### GOAL OF THE EXERCISE
Your job is to set down the stretch of entries that opens with the line containing "Aukcja sprzedaży 2006" and closes with the line containing "Casque audio sans". Keep both end lines, copy each exactly, and add nothing.

### DATA TO PROCESS
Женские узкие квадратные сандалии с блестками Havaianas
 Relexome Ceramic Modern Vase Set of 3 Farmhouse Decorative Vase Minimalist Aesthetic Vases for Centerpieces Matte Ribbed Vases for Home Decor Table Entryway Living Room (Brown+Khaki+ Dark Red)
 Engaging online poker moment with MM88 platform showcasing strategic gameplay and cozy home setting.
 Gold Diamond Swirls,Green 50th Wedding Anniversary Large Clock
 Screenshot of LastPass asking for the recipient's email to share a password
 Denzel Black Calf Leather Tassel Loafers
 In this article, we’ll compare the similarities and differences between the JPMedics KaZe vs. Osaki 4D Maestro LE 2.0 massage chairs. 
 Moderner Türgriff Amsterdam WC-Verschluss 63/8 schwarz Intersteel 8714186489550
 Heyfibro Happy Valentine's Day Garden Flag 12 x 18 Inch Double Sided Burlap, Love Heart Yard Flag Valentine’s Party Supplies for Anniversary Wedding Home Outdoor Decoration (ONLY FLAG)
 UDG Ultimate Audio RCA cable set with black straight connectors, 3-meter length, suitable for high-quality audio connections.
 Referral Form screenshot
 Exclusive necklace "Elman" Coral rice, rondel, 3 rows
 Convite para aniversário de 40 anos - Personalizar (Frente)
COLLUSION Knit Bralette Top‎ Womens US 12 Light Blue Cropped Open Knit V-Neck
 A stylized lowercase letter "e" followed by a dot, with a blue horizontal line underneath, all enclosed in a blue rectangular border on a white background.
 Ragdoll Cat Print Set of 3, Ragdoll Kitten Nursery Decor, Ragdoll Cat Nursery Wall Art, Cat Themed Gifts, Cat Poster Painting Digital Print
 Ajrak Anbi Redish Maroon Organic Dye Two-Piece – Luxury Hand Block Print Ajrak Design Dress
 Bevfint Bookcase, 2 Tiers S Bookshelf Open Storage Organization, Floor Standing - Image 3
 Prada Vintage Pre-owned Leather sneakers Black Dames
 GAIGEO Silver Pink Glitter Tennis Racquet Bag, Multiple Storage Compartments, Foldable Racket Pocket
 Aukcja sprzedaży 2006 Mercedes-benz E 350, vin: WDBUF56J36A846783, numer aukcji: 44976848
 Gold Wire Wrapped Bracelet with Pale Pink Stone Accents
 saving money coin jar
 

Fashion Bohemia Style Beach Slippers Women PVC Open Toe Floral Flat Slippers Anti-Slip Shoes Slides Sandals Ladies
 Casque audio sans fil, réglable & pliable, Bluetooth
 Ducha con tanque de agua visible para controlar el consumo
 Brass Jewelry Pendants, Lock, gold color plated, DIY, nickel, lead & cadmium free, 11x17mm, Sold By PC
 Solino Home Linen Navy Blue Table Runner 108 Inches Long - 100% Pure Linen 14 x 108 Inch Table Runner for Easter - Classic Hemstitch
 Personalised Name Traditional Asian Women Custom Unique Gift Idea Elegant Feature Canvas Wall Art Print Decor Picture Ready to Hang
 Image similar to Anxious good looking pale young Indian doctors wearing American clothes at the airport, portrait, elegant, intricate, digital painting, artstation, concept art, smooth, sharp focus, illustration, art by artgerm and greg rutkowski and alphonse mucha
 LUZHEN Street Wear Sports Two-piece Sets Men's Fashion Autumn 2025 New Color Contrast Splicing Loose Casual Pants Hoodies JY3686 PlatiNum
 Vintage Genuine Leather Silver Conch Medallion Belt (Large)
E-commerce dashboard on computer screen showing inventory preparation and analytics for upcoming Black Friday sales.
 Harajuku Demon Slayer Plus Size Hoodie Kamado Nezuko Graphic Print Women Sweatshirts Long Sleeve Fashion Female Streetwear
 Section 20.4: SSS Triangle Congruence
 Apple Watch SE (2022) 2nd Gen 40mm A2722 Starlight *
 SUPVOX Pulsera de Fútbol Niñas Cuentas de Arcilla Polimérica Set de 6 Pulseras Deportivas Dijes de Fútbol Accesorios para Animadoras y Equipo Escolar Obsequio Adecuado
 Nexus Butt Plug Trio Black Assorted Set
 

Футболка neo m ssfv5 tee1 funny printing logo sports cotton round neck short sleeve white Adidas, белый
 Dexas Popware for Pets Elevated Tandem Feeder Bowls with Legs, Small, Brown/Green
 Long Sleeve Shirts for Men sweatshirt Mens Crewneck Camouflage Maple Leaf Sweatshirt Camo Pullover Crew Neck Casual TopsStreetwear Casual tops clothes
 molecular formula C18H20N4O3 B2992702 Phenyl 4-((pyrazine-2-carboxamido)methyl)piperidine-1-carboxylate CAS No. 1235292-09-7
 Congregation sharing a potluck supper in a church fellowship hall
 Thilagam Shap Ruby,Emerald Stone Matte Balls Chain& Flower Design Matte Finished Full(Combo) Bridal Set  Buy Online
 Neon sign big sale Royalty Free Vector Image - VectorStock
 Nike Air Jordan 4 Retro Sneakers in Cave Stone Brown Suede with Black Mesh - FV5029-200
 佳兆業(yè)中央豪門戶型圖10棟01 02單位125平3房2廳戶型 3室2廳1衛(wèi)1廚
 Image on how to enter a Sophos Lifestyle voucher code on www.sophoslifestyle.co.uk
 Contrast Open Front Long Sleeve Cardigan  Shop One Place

### EXERCISE OUTPUT
 Aukcja sprzedaży 2006 Mercedes-benz E 350, vin: WDBUF56J36A846783, numer aukcji: 44976848
 Gold Wire Wrapped Bracelet with Pale Pink Stone Accents
 saving money coin jar
 

Fashion Bohemia Style Beach Slippers Women PVC Open Toe Floral Flat Slippers Anti-Slip Shoes Slides Sandals Ladies
 Casque audio sans fil, réglable & pliable, Bluetooth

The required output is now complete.